Coaching vs. mentoring

There is no denying that coaching is the profession du jour: If it’s not advances in e-coaching making the trade press, then it’s another new product launching to make the coaches life easier. And where there is training to be imparted, there is money to be made. Add to this the impending skills gap and the current government fervour for departmental development and you have a voracious demand for more coaches.

But for all the good this tunnel vision has done for the coaching industry, it has only served to push mentoring further into the background. David Pardey, senior policy research manager at the Institute of Leadership and Management (ILM) suggests that the main reason behind the imbalance is down to coaching’s ability to sell itself.

«Mentoring is worthy but dull, coaching is sexy and professional. I don’t think that’s true or a good thing but I do think the emphasis on coaching has been to the detriment of mentoring.»
David Pardey, ILM

«Coaches are more commercial,» he admits. «There are an awful lot of people out there who are professional coaches; in fact the numbers are increasing all the time but also within businesses and organisations, there is a growing emphasis put on managers working as coaches with their own teams, and they in turn are having to learn new skills,» he says.

Pardey also believes that the popularity of coaching has been aided by lobbying groups and the government push on coaching, as well as the general perception that it is seen as a more ‘professional’ discipline. «Mentoring is worthy but dull, coaching is sexy and professional. I don’t think that’s true or a good thing but I do think the emphasis on coaching has been to the detriment of mentoring,» he reflects.

Mentoring comes of age

That said, the value of mentoring is gaining momentum particularly among managers where there is a growing appreciation of its advantages. It now plays a critical role in organisations and has been particularly important in the progression of women and other minority groups in the workplace and presents a valuable tool in long-term management and organisation development – something that short-term coaching strategies can often overlook.

Jan West heads up MentorSET , a women-only independently funded organisation that places mentees from the science, technology and engineering sectors with suitable mentors. She has seen mentoring experience a surge in popularity since the scheme’s inception in 2001.
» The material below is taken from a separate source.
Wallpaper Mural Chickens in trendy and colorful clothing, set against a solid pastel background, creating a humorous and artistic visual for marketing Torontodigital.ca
«From our point of view mentoring seems to have become exceedingly popular. Back in the days when we first set up, mentoring was not well known but it’s all over the place now,» she says.

«People probably don’t understand what mentoring is all about. They think coaching is all about having these courageous conversations – well you can do that with mentoring, it’s no different.»
Linda Grant, Skipton Building Society

However West believes the reason for mentoring’s flagging publicity is down to the fact that most mentors aren’t doing it for a living and therefore have no reason to advertise themselves as such.

«The mentor has a profession and is helping someone else either as part of their job or in their spare time as a volunteer. As for a coach, that’s their occupation and what they have trained for.»

While few of the mentors who work with MentorSET are professional coaches, some are from an academic field such as teaching and lecturing. West finds that rather than simply acting as role models for the mentees, the relationship is far more useful in tackling the issues associated with modern working environments such as career development, confidence issues and work/life balance.

«We have actually had women who have been harassed in this sector and think this it’s actually the norm until they have a mentor to point it out that they don’t have to put up with that type of behaviour,» she says. «Some women have been ready to walk out of their career. We help people with lots of different issues and have been really successful. It does work and that’s why we keep getting the funding.»

A matter of semantics

Mentoring and coaching mean different things to different people but the fact remains that both present different and incredibly powerful methods of helping individuals develop. «People probably don’t understand what mentoring is all about,» says Grant.

«They think coaching is all about having these courageous conversations – well you can do that with mentoring, it’s no different – you should still be having very difficulty conversations with people, asking taxing questions in fact mentoring can be more far reaching,»

Coaching and mentoring could and should enjoy a more symbiotic relationship where coaches refer clients to mentors and visa versa. «When it come down to it, coaching isn’t necessarily the right thing to use, there are times when mentoring would be far more beneficial,» says Pardey. «Because the roles are different, the coach and the mentor can co-exist and that would be a really powerful support method.»